These are the key concepts you need to understand to accurately answer the question.

Complementary Solution
When solving a second order linear non-homogeneous differential equation like the one given, we start by finding the complementary solution. This involves solving the associated homogeneous equation. For our equation, the associated homogeneous version is: \[y'' - 3y' = 0\]Here, we ignore the non-homogeneous part (i.e., the right-hand side). The goal is to solve the homogeneous differential equation first.
Characteristic Equation
To find the complementary solution, we use the characteristic equation. This equation comes from assuming a solution of the form \[y = e^{rt}\] for the homogeneous part. Substituting this into the homogeneous differential equation, we get the characteristic or auxiliary equation. In this exercise, the characteristic equation is:\[r^2 - 3r = 0\]Factoring this, we find:\[r(r - 3) = 0\]The solutions, or roots, of this characteristic equation are \[r = 0\] and \[r = 3\]. Therefore, the complementary solution is:\[y_h = C_1 + C_2 e^{3t}\]
Particular Solution
The next step is to find the particular solution to account for the non-homogeneous part of the equation, which is \[t^2 - e^{3t}\]. To find the particular solution, we guess a form that reflects the terms on the right-hand side. Using the method of undetermined coefficients, we assume the particular solution has a form that would include both polynomial and exponential functions, such as:\[y_p = At^2 + Bt + C + De^{3t}\].This form covers the polynomial term \[t^2\] and the exponential term \[e^{3t}\].

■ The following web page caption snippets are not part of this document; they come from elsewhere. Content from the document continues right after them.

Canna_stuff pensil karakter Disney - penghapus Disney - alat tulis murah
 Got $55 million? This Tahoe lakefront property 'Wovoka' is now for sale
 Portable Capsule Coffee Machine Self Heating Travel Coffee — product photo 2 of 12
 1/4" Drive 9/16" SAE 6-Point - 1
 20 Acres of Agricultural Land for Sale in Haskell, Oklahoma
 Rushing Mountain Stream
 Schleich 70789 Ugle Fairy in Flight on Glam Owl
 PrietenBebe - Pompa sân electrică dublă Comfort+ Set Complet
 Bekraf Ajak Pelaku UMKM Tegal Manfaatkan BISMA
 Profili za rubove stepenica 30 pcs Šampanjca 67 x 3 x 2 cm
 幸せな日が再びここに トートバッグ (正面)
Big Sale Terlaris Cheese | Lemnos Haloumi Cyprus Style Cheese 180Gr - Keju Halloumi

Method of Undetermined Coefficients
Once we assume a form for the particular solution, we need to determine the coefficients. First, we find the first and second derivatives of the assumed particular solution:\[y_p' = 2At + B + 3De^{3t}\]\[y_p'' = 2A + 9De^{3t}\]Next, we substitute these back into the original differential equation:\[2A + 9De^{3t} - 3(2At + B + 3De^{3t}) = t^2 - e^{3t}\]Simplifying and collecting like terms, we compare coefficients on both sides of the equation to solve for \[A, B,\] and \[D\]:\[-6A = 1,\quad 3B = 2A,\quad 9D = -1\]This leads to \[A = -\frac{1}{6},\quad B = -\frac{1}{9},\quad D = -\frac{1}{9}\]. Thus, our particular solution is:\[y_p = - \frac{1}{6} t^2 - \frac{1}{9} t - \frac{1}{9} e^{3t}\]Combining this with the complementary solution gives the general solution:\[y = y_h + y_p = C_1 + C_2 e^{3t} - \frac{1}{6} t^2 - \frac{1}{9} t - \frac{1}{9} e^{3t}\]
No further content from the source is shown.